Restate the data below word for word, leaving nothing out.

## Records provided

____

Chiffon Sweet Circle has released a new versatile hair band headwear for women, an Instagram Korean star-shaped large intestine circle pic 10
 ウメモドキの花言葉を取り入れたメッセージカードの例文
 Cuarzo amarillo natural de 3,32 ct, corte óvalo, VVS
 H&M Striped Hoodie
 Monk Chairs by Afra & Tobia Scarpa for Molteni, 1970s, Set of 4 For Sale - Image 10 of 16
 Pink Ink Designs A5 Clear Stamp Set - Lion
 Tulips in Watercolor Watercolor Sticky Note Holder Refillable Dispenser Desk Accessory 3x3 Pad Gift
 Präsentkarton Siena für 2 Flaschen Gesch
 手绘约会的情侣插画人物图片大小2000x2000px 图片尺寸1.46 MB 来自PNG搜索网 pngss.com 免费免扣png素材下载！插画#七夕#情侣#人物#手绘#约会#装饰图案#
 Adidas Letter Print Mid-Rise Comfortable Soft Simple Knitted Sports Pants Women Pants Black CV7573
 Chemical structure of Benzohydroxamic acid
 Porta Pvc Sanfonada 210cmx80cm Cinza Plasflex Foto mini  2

____

## Solved problem
Chiffon Sweet Circle has released a new versatile hair band headwear for women, an Instagram Korean star-shaped large intestine circle pic 10
 ウメモドキの花言葉を取り入れたメッセージカードの例文
 Cuarzo amarillo natural de 3,32 ct, corte óvalo, VVS
 H&M Striped Hoodie
 Monk Chairs by Afra & Tobia Scarpa for Molteni, 1970s, Set of 4 For Sale - Image 10 of 16
 Pink Ink Designs A5 Clear Stamp Set - Lion
 Tulips in Watercolor Watercolor Sticky Note Holder Refillable Dispenser Desk Accessory 3x3 Pad Gift
 Präsentkarton Siena für 2 Flaschen Gesch
 手绘约会的情侣插画人物图片大小2000x2000px 图片尺寸1.46 MB 来自PNG搜索网 pngss.com 免费免扣png素材下载！插画#七夕#情侣#人物#手绘#约会#装饰图案#
 Adidas Letter Print Mid-Rise Comfortable Soft Simple Knitted Sports Pants Women Pants Black CV7573
 Chemical structure of Benzohydroxamic acid
 Porta Pvc Sanfonada 210cmx80cm Cinza Plasflex Foto mini  2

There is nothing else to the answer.